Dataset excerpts
- - - - - - -
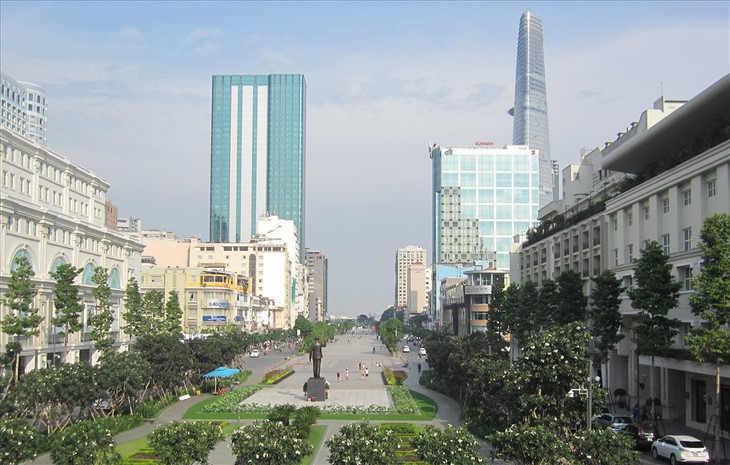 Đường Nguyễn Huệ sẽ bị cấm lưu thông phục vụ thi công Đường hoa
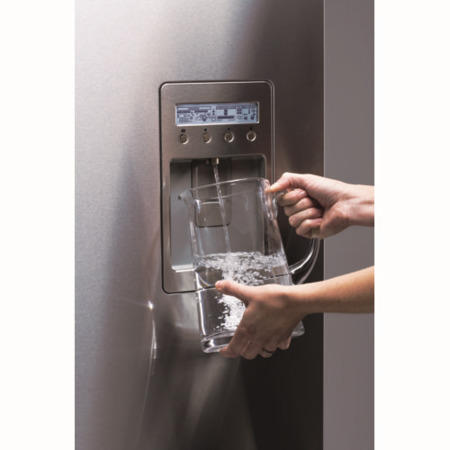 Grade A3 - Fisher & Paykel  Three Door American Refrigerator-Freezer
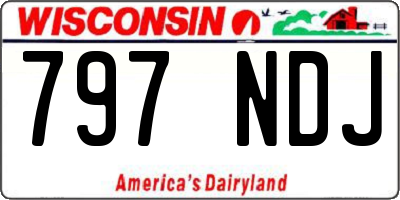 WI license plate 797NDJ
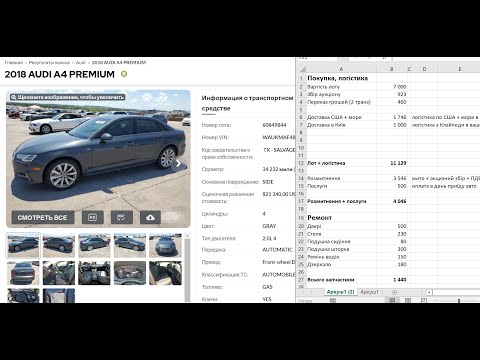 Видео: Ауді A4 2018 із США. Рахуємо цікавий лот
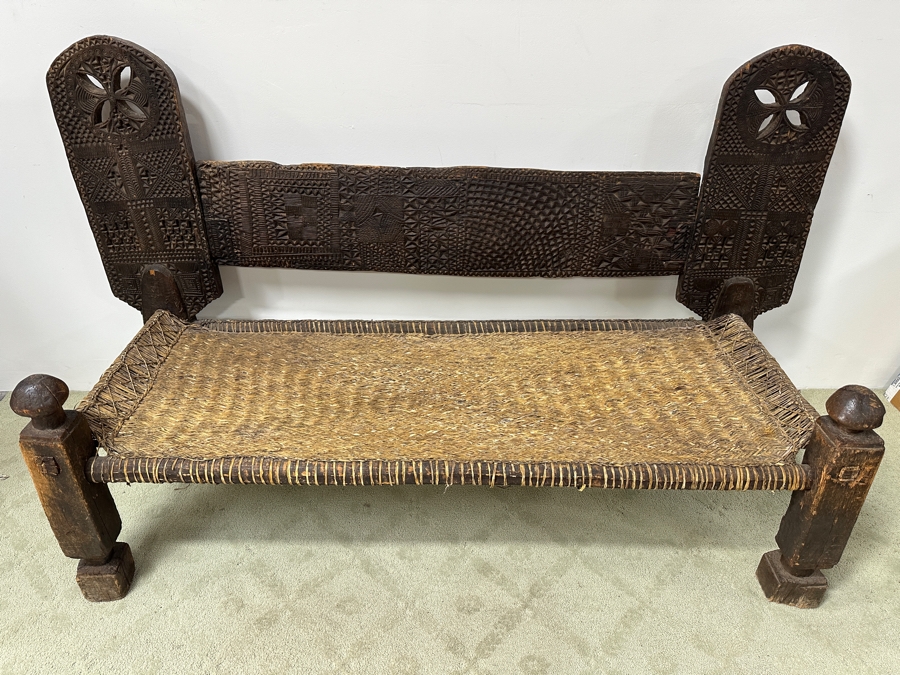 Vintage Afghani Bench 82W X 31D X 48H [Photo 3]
- - - - - - -
▶ WHAT YOU SHOULD DO:
Write out all the records exactly, omitting the images.

▶ RESPONSE:
 Đường Nguyễn Huệ sẽ bị cấm lưu thông phục vụ thi công Đường hoa
 Grade A3 - Fisher & Paykel  Three Door American Refrigerator-Freezer
 WI license plate 797NDJ
 Видео: Ауді A4 2018 із США. Рахуємо цікавий лот
 Vintage Afghani Bench 82W X 31D X 48H [Photo 3]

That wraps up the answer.